| WORK INSTRUCTIONS |
Make an exact copy of all the data, pictures excluded.

| RECORDED DATA |
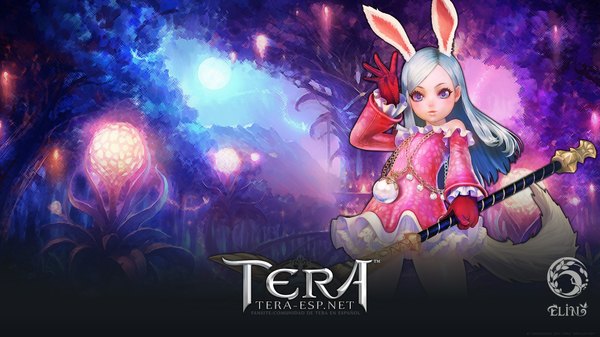 Anime picture 1920x1080 with tera online rendermax (artist) single long hair blush highres wide image animal ears animal tail loli wallpaper heterochromia girl dress gloves staff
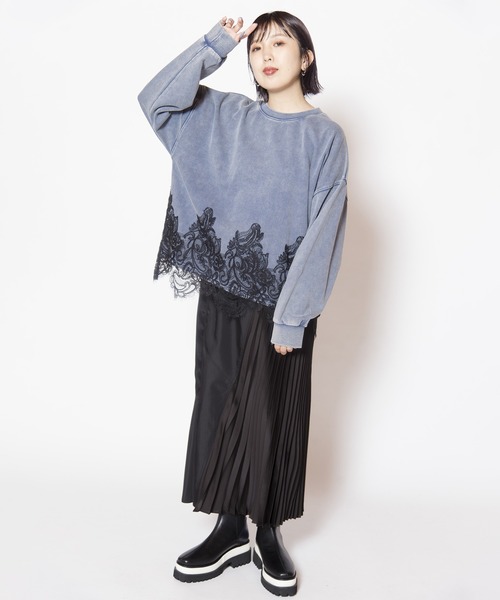 OSMOSIS(オズモーシス)の「裏毛レースヘムプルオーバー(Tシャツ/カットソー・レディース・ブラック/カーキ/ブルー・ONE SIZE)」の8枚目の写真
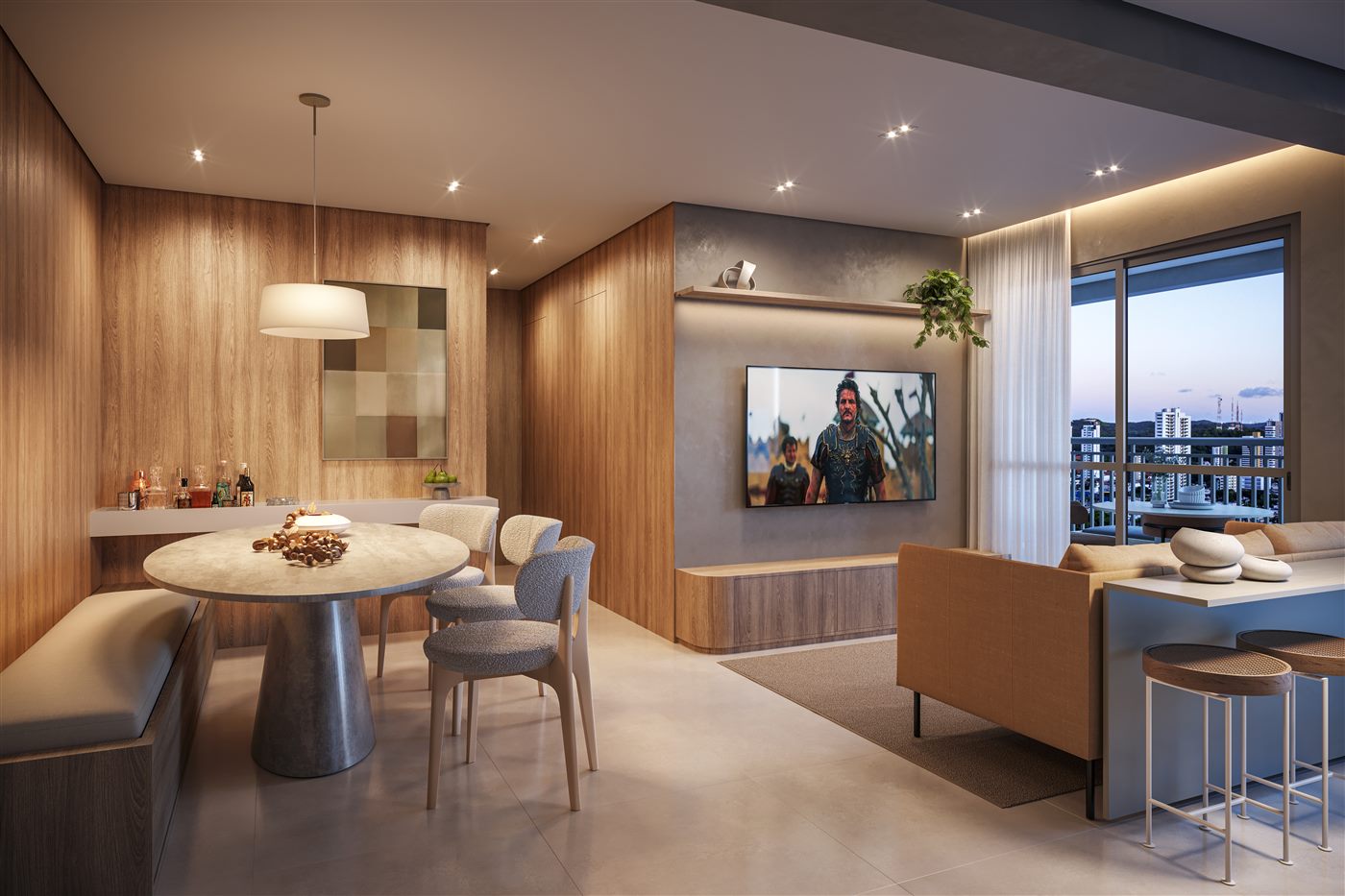 Living do apartamento decorado de 80 m², 3 dormitórios (1 suíte)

| ANSWER TO THIS TASK |
 Anime picture 1920x1080 with tera online rendermax (artist) single long hair blush highres wide image animal ears animal tail loli wallpaper heterochromia girl dress gloves staff
 OSMOSIS(オズモーシス)の「裏毛レースヘムプルオーバー(Tシャツ/カットソー・レディース・ブラック/カーキ/ブルー・ONE SIZE)」の8枚目の写真
 Living do apartamento decorado de 80 m², 3 dormitórios (1 suíte)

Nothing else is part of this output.